Developing a large software system is a rather difficult task. One of the many problems that can occur is represented by the presence of security vulnerabilities. A security vulnerability is a software bug that can be exploited by a malicious user through the supplied input, in order to gain control over the system on which the software runs.
These kinds of vulnerabilities can produce a lot of damage including losing confidential data and great amounts of money.

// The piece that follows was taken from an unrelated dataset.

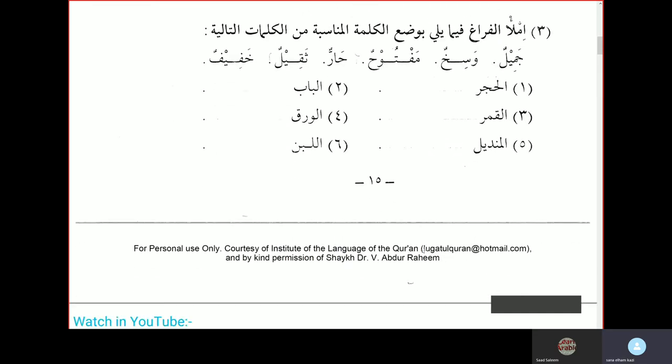Al-hajaru thakheelun — the stone is heavy. Al-babu maftuhun — the door is open. Al-qamaru jamilun — the moon is beautiful. Al-waraku khafifun — the paper is light. Al-mindilu wasikhun — the handkerchief is dirty. Al-labanu harun — the milk is hot.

A simple security vulnerability is represented by the buffer overflow which could allow the attacker to remotely execute code on the machine running the software.
There are many famous examples of exploits (programs that exploit the security vulnerabilities) like the Microsoft JPEG GDI+ vulnerability, the Microsoft SQL Slammer Worm that have caused a lot of damage to the attacked applications.

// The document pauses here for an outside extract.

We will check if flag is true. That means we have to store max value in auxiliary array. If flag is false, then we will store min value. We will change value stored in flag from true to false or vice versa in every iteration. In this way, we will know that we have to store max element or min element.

To prevent these situations, software verification tools perform checks both statically and dynamically in order to find the security vulnerabilities. Usually performing this checks is very time consuming and because security vulnerabilities are the user in- put dependent bugs, an approach to minimize the cost of software verification is using taint analysis to determine the points in the analyzed programs that can be influenced by user input.
In this paper we introduce a static analysis technique for performing taint analysis . This analysis is used to determine the parts of the program dependent on user input and can be used as a starting point in any bug finding tool.
We provide a theoretical basis for our analysis, by building a taint analysis type system and proving that it is sound, and is also a tool that implements the theoretical notions as a plug-in for the Frama-C platform. The paper will also show how to use the results of the taint analysis in order to perform automatic test generation for the analyzed programs.